Exercise prompt - In your copy, each record should read exactly as it does below, and no pictures should be present.
Top of The input
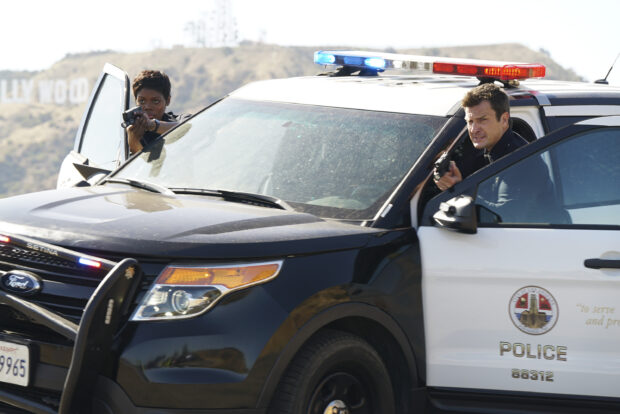 Two police officers aim their guns outside a patrol car in a tense moment, 2K Desktop Wallpaper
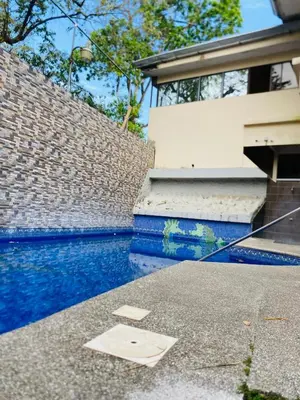 a house with a swimming pool next to a brick wall at Apartamentos Santa Teresita in Santa Teresa Beach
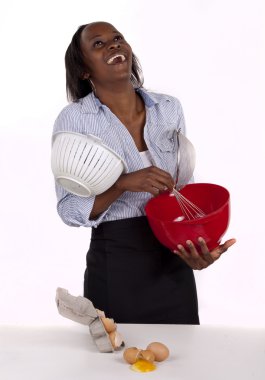 Young woman laughing in kitchen mess clipart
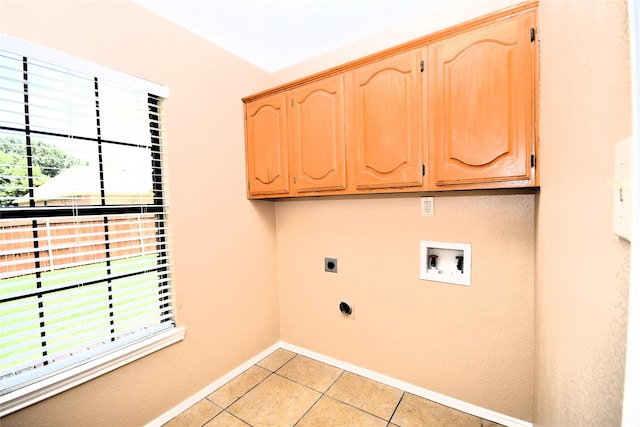 2906 Kingswood Dr, Garland, TX 75040 - laundry room with hookup for an electric dryer, cabinet space, plenty of natural light, and light tile patterned floors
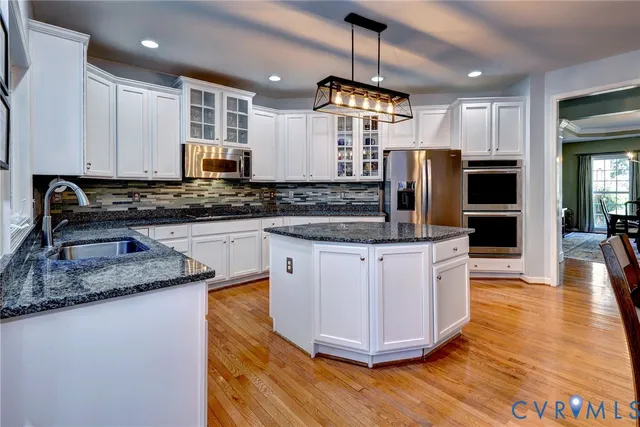 a kitchen with stainless steel appliances granite countertop a sink a stove a refrigerator a center island and cabinets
Bottom of The input
Solution to the exercise -
 Two police officers aim their guns outside a patrol car in a tense moment, 2K Desktop Wallpaper
 a house with a swimming pool next to a brick wall at Apartamentos Santa Teresita in Santa Teresa Beach
 Young woman laughing in kitchen mess clipart
 2906 Kingswood Dr, Garland, TX 75040 - laundry room with hookup for an electric dryer, cabinet space, plenty of natural light, and light tile patterned floors
 a kitchen with stainless steel appliances granite countertop a sink a stove a refrigerator a center island and cabinets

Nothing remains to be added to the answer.